From silence to safety

Published: April 16, 2013

If Khalil is forced to return to his native Jordan, he says he’ll have a choice: go back into the closet, or risk imprisonment or death because of his sexual orientation.

Fortunately, Khalil recently won a reprieve from an immigration judge in Dallas, who denied his application for asylum but granted him a waiver of removal from the U.S.

Khalil is one of 44,170 people who applied for asylum last year — and one of 63 from Jordan. The U.S. Department of Justice doesn’t track how many are LGBT. However, Khalil’s case exposes a major problem for gay and lesbian asylum seekers: They must apply within one year of arriving in the U.S., but for many, it takes much longer before they come out.
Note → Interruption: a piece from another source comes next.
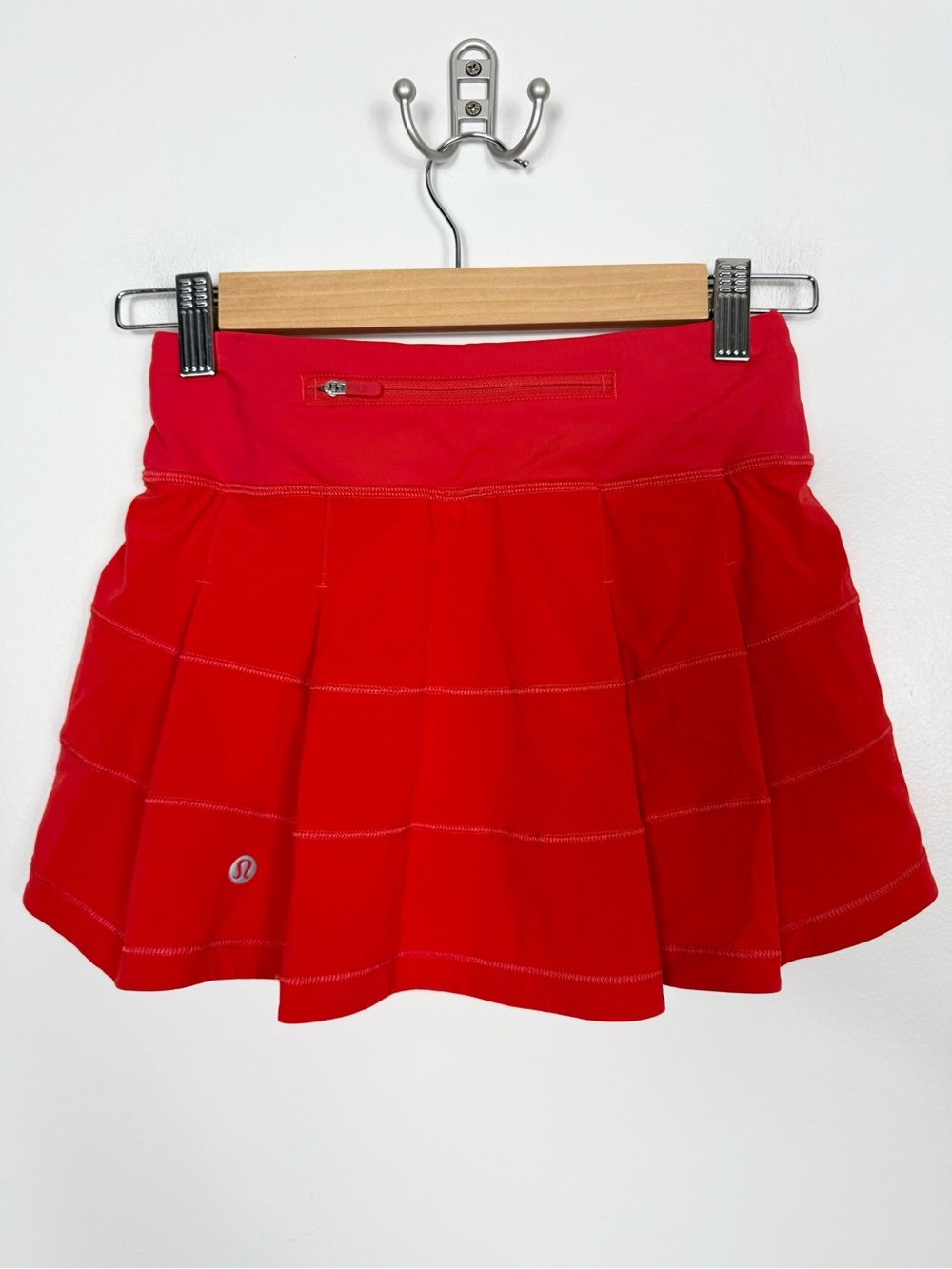 Lululemon Pace Rival Mid-Rise Skirt in Hot Heat Size 0 - Picture 4 of 5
“I appreciate the freedom of speech,” Khalil said outside the Earle Cabell Federal Building in downtown Dallas. “People take it for granted. I left family, friends, career, education for my freedom of speech and to be who I am.”

While Judge Richard R. Ozmun’s order allows Khalil to stay, it does not allow him to seek a green card, which he could get if it weren’t for the federal Defense of Marriage Act.

He can apply for a work permit, return to school, get a driver’s license and remain with his partner, Alex. But he won’t see his parents or have a path to citizenship.

Khalil’s last name is being withheld to protect his identity because he fears possible reprisals.